*DATASET EXCERPT:*
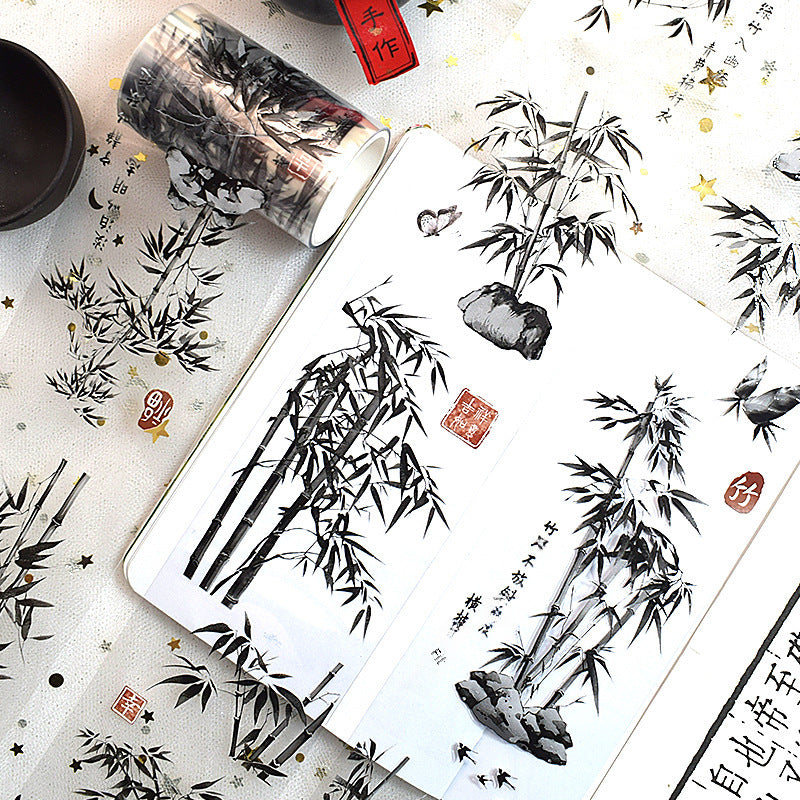 Ancient Style Bamboo PET Tape – Laser Bronzing, Flowers, DIY Collage - 2m - ViktaShop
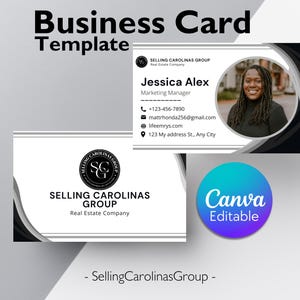 Real Estate Business Card, Digital Business Card, Realtor Business Card Template, Unique Business Card, Instant Download Canva Template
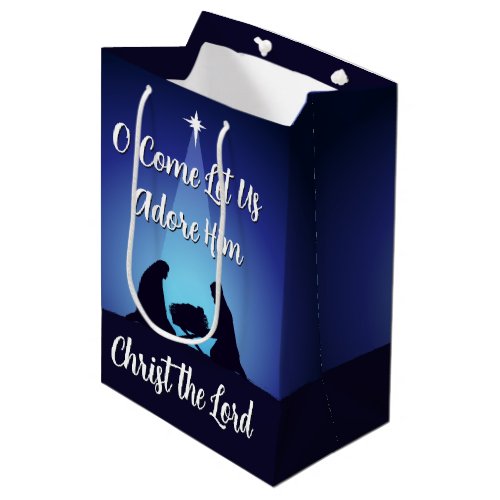 Religious Christmas Nativity Scene Jesus in Manger Medium Gift Bag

*WHAT IS BEING ASKED:* Retype the listing exactly. Skip every picture.

*RESULT OF THIS TASK:*
 Ancient Style Bamboo PET Tape – Laser Bronzing, Flowers, DIY Collage - 2m - ViktaShop
 Real Estate Business Card, Digital Business Card, Realtor Business Card Template, Unique Business Card, Instant Download Canva Template
 Religious Christmas Nativity Scene Jesus in Manger Medium Gift Bag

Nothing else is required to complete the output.